In Data dependent acquisition (DDA) the instrument is configured to apply a set of rules which determine which precursor ions are fragmented and MS/MS spectra acquired. DDA approaches also produce a lot of spectra for background peaks or contaminants, which are often of limited use for the purpose of metabolomics studies. Using the RMassBank package, MS1 and MS/MS data can be recalibrated and spectra cleaned of artifacts generated. After database lookup of corresponding identifiers, MassBank records are generated.

In data independent acquisition mode (DIA), the isolation windows are broader, or in some cases, all ions are fragmented, e.g. the Weizmass library [39] is based on MSE. The computational challenge for DIA data is to deconvolute the MS/MS data and assign the correct precursor ion. DIA data analysis support is currently being implemented in several R packages.

MS/MS spectra can be further processed for example by selecting a representative MS/MS spectrum among all spectra associated with a chromatographic peak or by fusing them into a consensus spectrum. Subsequently, spectra can be used in downstream analyses such as spectral matching or clustering. Due to the re-use of infrastructure from the MSnbase package, xcms has recently gained native support for MS/MS data handling and hence allows to extract all MS/MS spectra associated with a feature or chromatographic peak for further processing.

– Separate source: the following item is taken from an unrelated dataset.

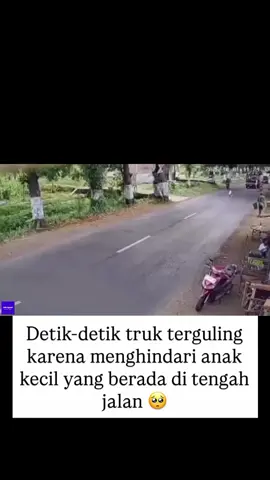 Detik-detik truk terguling saat menghindari anak kecil di tengah jalan. Jadi kalo sudah begini siapa yang salah? 🙃 #lakalantas #viral #fyp #akunbaru #reelsinstagram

While DDA and DIA are convenient methods, users might miss the accuracy and full control on what is fragmented in the targeted approach. The packages rcdk, MetShot and RMassBank can be combined into a workflow (see [40]) for the generation of records to be uploaded to MS/MS spectral databases (e.g. MassBank [41]) or to be used off-line. MetShot allows the user to specify an arbitrary number RT-m/z pairs and first sorts them into non-overlapping subsets for which in a second step MS/MS methods (Bruker) or target lists (Agilent, Waters) are generated. It is possible to allow multiple collision energies in a single or separate experiment methods. rcdk was used for calculation of exact masses of adducts. MS/MS data were then acquired on a Bruker maXis plus UHR-Q-ToF-MS. After data collection each run was manually checked for data quality and processed with RMassBank.

Spectral matching of measured MS/MS data with spectral libraries is an important step in metabolite identification. Different possibilities for matching of two spectra exist, ranging from simple cosine similarity and the normalized dot product to X-Rank and proprietary algorithms. In MSnbase, different spectra can be compared. Functions for comparison include the number of common peaks, their correlation, their dot product or alternatively a custom comparison function can be supplied. In addition, it will be possible to import spectra from different file formats such as NIST msp, mgf, and Bruker library to MSnbase objects using the MSnio package. MSnbase therefore seems to be the most flexible R package for the computation of spectral similarities. Spectra are binned before comparison. The OrgMassSpecR package contains a simple cosine spectral matching between two spectra. The two spectra are aligned with each other within a defined m/z error window using one spectrum as the reference. The feature-rich compMS2Miner can import msp files and uses the dot product to calculate the spectral similarity, the msPurity package can perform spectral matching using different similarity functions, and MatchWeiz implements the probabilistic X-Rank algorithm [42].

A growing number of packages, e.g. LOBSTAHS [43], LipidMatch [44] and LipidMS [45], support the annotation of lipids, see Table 2. They use a combination of lipid database lookup, spectral or selected fragment mass matching and in silico spectra prediction. To improve disambiguation between lipids of the same species that may only differ in their fatty acid chain composition, they usually rely on identifying specific MS/MS feature masses that are indicative of substructure fragments, such as the lipid headgroup, the headgroup with a certain fatty acid attached, or losses of fatty acid(s), and other modifications, such as oxidation. Additionally, they require certain intensity ratios between characteristic fragments of a lipid in order to identify the lipid species or subspecies.

2.2.2 Reading of spectral databases

NIST msp files and derived msp-like dialects are a commonly used plain text format for the representation of mass spectra. The msp format described by NIST as part of their Library Conversion Tool [46] documentation, but has many different dialects due to rather loose format definitions. R packages which support the import and export of this file format are able to both use spectral libraries for identification, as well as to create and enrich spectral libraries with new data.

There are various R packages which support the import of NIST msp files (see Table 3), but the support of different dialects varies, e.g., the NIST-like spectral libraries from RIKEN PRIME [47] cannot be parsed by some readers. In addition, none of these packages currently supports the import of additional attributes such as ‘InChIKey:’ or ‘Collision_energy:’ as used in the export of MoNA libraries [48]. In essence, most of the packages support the format shown in Listing S1 (see Supplementary File 1, ‘basic NIST’ in Table S1). The metaMS package supports NIST msp files as shown in Listing S2 (see Supplementary File 1, termed ‘canonical NIST’) and RIKEN PRIME provides a similar format with different attributes as shown in Listing S3 (see Supplementary File 1). The packages metaMS, OrgMassSpecR, enviGCMS, and TargetSearch support the export of NIST msp files. The remaining packages partially support the export of results to NIST msp files (see Table S1).

One of the most flexible packages for the handling of NIST msp files is metaMS. This package imports and exports the most attributes, although it does not entirely support generic attributes, and the export is very slow (we observed 20 min for an 8 MB file). In addition, a good library reader should also support mgf (mascot generic format) as available for download from GNPS [49] as well as other common formats such as the MassBank record format and different vendor library formats such as Bruker (.library, another msp flavour) and Agilent (.cef).